Let's first do this for $d=1$; assume for contradiction that we have $p+q-1$ terms. We know that $$A=(a_1+a_2+\cdots+a_p)+(a_2+a_3+\cdots+a_{p+1})+\cdots+(a_q+a_{q+1}+\cdots+a_{p+q-1})<0,$$ since each parenthesised group contains $p$ consecutive terms. Likewise we know that $$B=(a_1+a_2+\cdots+a_q)+(a_2+a_3+\cdots+a_{q+1})+\cdots+(a_p+a_{p+1}+\cdots+a_{p+q-1})>0,$$ since each group contains $q$ consecutive terms. However, for each $i$ you can check that $a_i$ features an equal number of times in each sum, so $A=B$, a contradiction. Here the groups in the first sum correspond to rows of the matrix $$\pmatrix{a_1&a_2&\cdots&a_p\\a_2&a_3&\cdots&a_{p+1}\\\vdots&\vdots&&\vdots\\a_q&a_{q+1}&\cdots&a_{p+q-1}}$$ and the groups of the second sum correspond to columns, which is why the two totals must be equal (note that in the scanned proof there is a typo of $s_2$ in the second place of the second row, which should be $s_3$).

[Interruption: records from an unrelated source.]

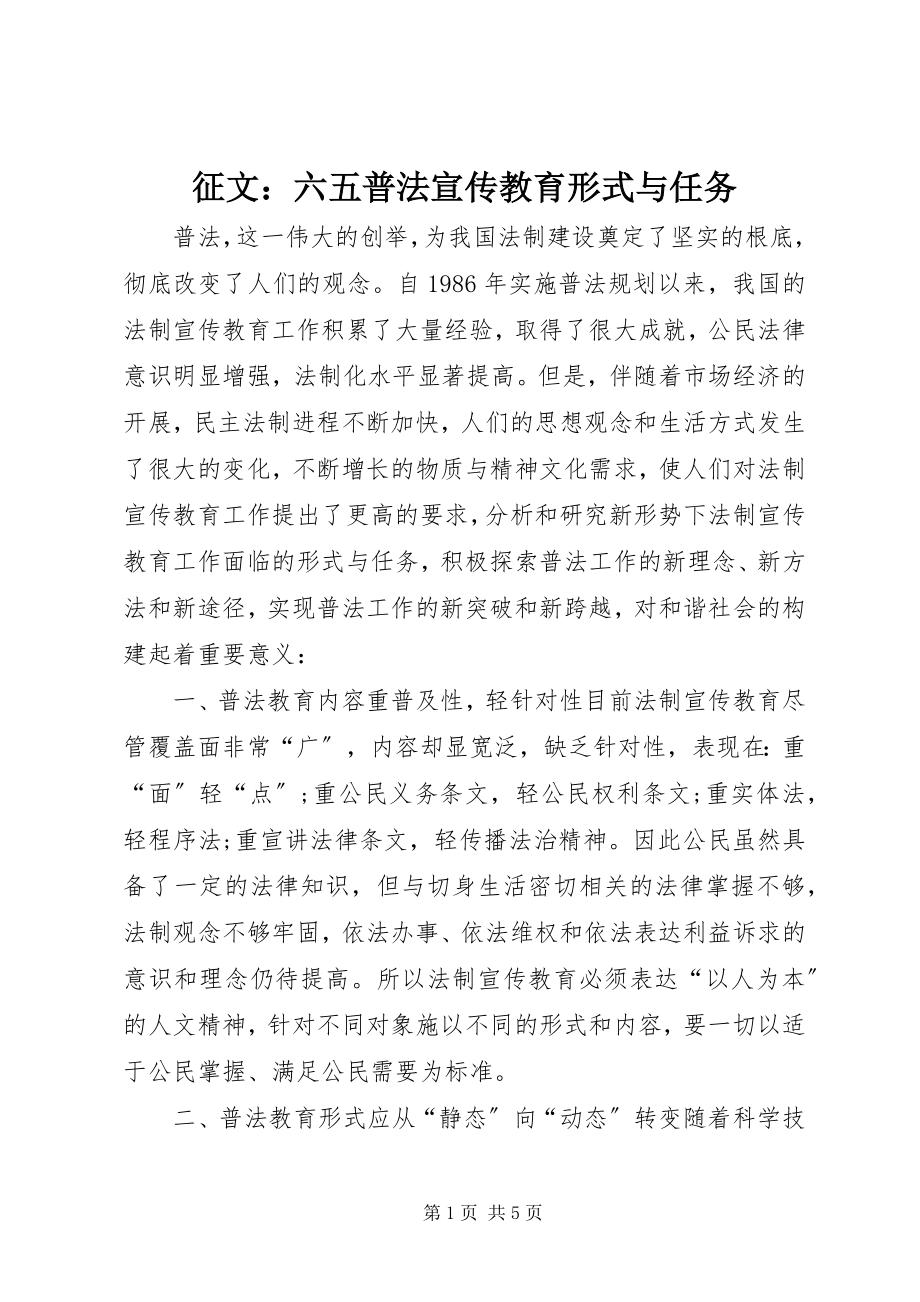 2023年征文六五普法宣传教育形式与任务.docx_第1页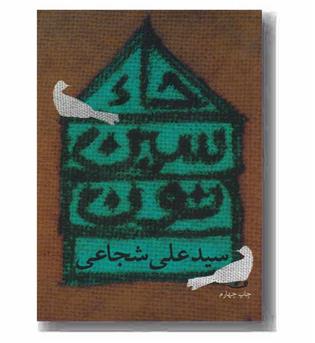 حاء سین نون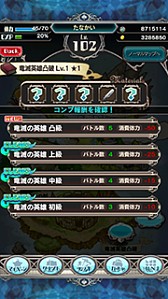 画像集#003のサムネイル/「戦略凸破★バトルオブエンジェル」,新ボスモンスター「ジークフリート」出現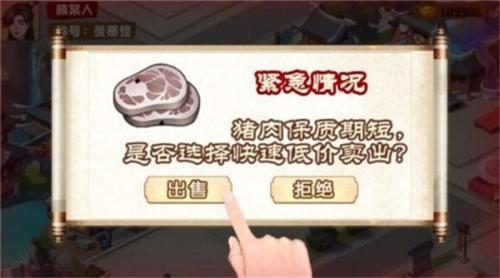 2022江南杂货铺红包版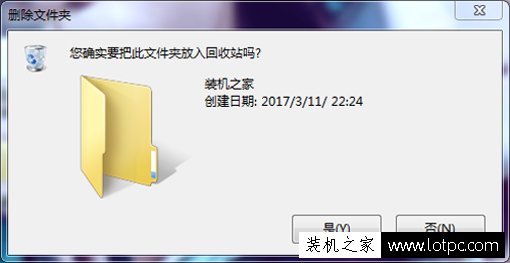 如何在電腦里創(chuàng)建一個(gè)刪除不掉的文件夾？創(chuàng)建不可刪除的文件夾教程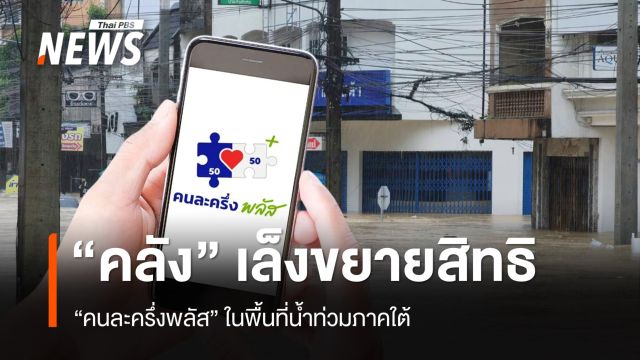 "คลัง" เล็งขยายสิทธิ "คนละครึ่งพลัส" พื้นที่น้ำท่วมใต้ 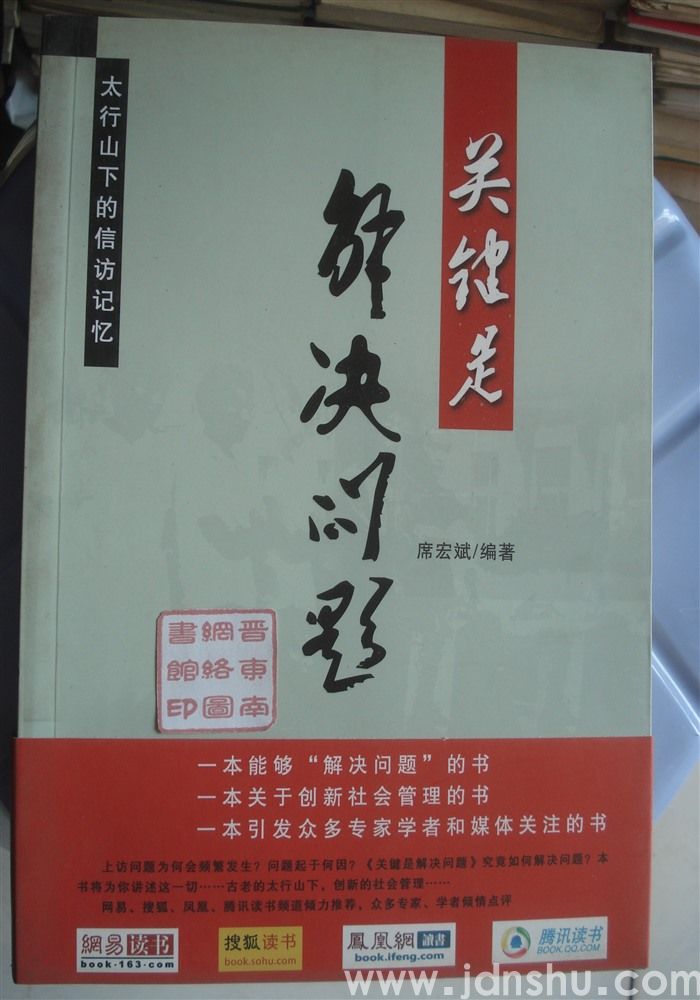 关键是解决问题——太行山下的信访记忆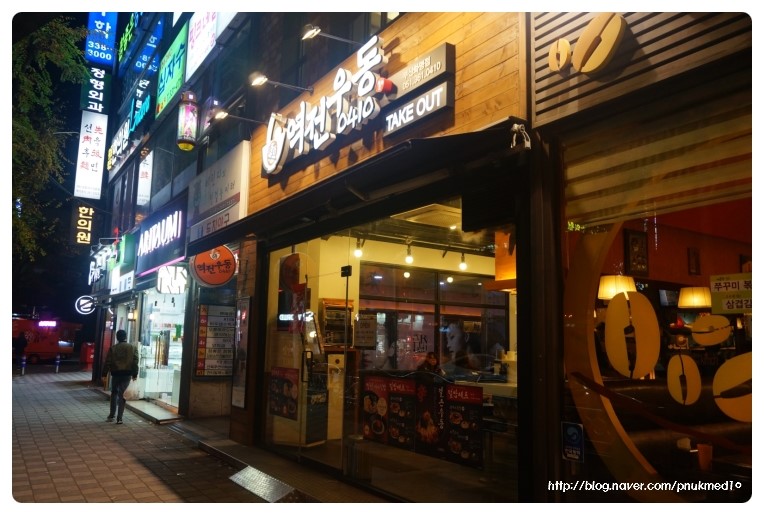 역전우동0410부산 이미지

Now what the proof is saying is that if $d>1$ you first define a new sequence $s_1,s_2,\ldots$ by $s_1=a_1+\cdots+a_d$, $s_2=a_{d+1}+\cdots+a_{2d}$, and so on. Since $p=rd$ and $q=td$, a sum of $r$ consecutive terms of $s_i$ corresponds to a sum of $p$ consecutive terms of $a_i$, etc, so $s_i$ has the property that any $r$ consecutive terms have negative sum and any $t$ have positive sum. Thus, using the proof above with $a_i$ replaced by $s_i$, $p$ replaced by $r$ and $q$ by $t$, we find that $s_i$ cannot have $r+t-1$ terms. Consequently $a_i$ cannot have had $d(r+t-1)=p+q-d$ terms.